Using the Finally Statement 

Codes that you want to get run whether or not an error was encountered are placed in the finally block. For instance, if you are dealing with a file or database and you want such a database to be closed as the last step. The code should be placed in the finally block. 

In our previous examples, the last line of code where we printed ‘Done with the program’ can be placed in a finally block because we want this code to be run no matter what. Let us tweak the code further. 

#the program divides a by b
a = float(input('Enter the numerator: '))
b = float(input('Enter the denominator: '))
 
try:
    result = a / b
    print(f"{a} / {b} = {result}")
 
except ZeroDivisionError:
    print('Please enter a non-zero digit to fix this error')
 
finally:
    print('Done with the program')
Output:
Enter the numerator: 7
Enter the denominator: 0
Please enter a non-zero digit to fix this error
Done with the program

As seen the result is like the previous.
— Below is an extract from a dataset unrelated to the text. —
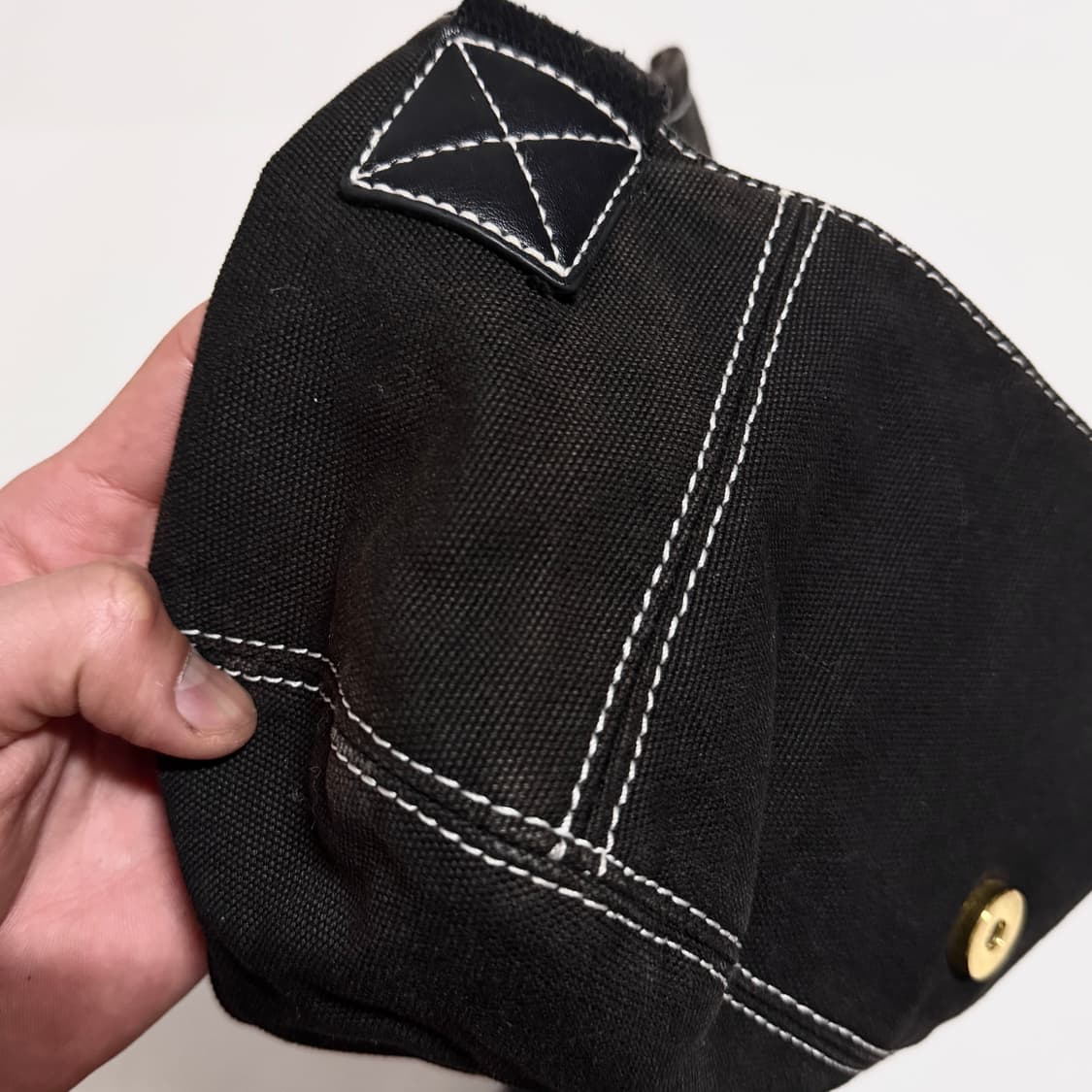 비비안웨스트우드 코튼 캔버스 숄더백 상품이미지7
This is however a cleaner way of writing Python codes. 

Using the raise Statement

The raise statement is used for creating exceptions on your own. If you wish to handle an error when something happens, you can state the condition with an if statement, then write how you wish to handle the error in the raise block. See the syntax below. 

try:
#     some code is entered here
    if (#state some condition):
        raise #do something

Let’s use the raise statement in our earlier code.

#the program divides a by b
a = float(input('Enter the numerator: '))
b = float(input('Enter the denominator: '))
 
try:
    result = a / b
    print(f"{a} / {b} = {result}")
    if b == 0.0:
        raise ZeroDivisionError
 
finally:
    print('Done with the program')
Output:
Enter the numerator: 7
Enter the denominator: 0.0
Done with the program
Traceback (most recent call last):
  File "c:/Users/DELL/Desktop/pycodes/__pycache__/strings.py", line 16, in <module>
    result = a / b
ZeroDivisionError: float division by zero

As seen, the exception was raised while the code in the finally block was run. 

In Summary, 

You have seen the importance of exception handling in Python and how to do it. You learned about using the try, except, raise statement and how they function. Also, you discovered the various exceptions you have in Python. Although the code example here focused on ZeroDivisionError, it is pretty much the same process for other types of exceptions. If you have any questions, feel free to leave them in the comment section and I’d do my best to answer them.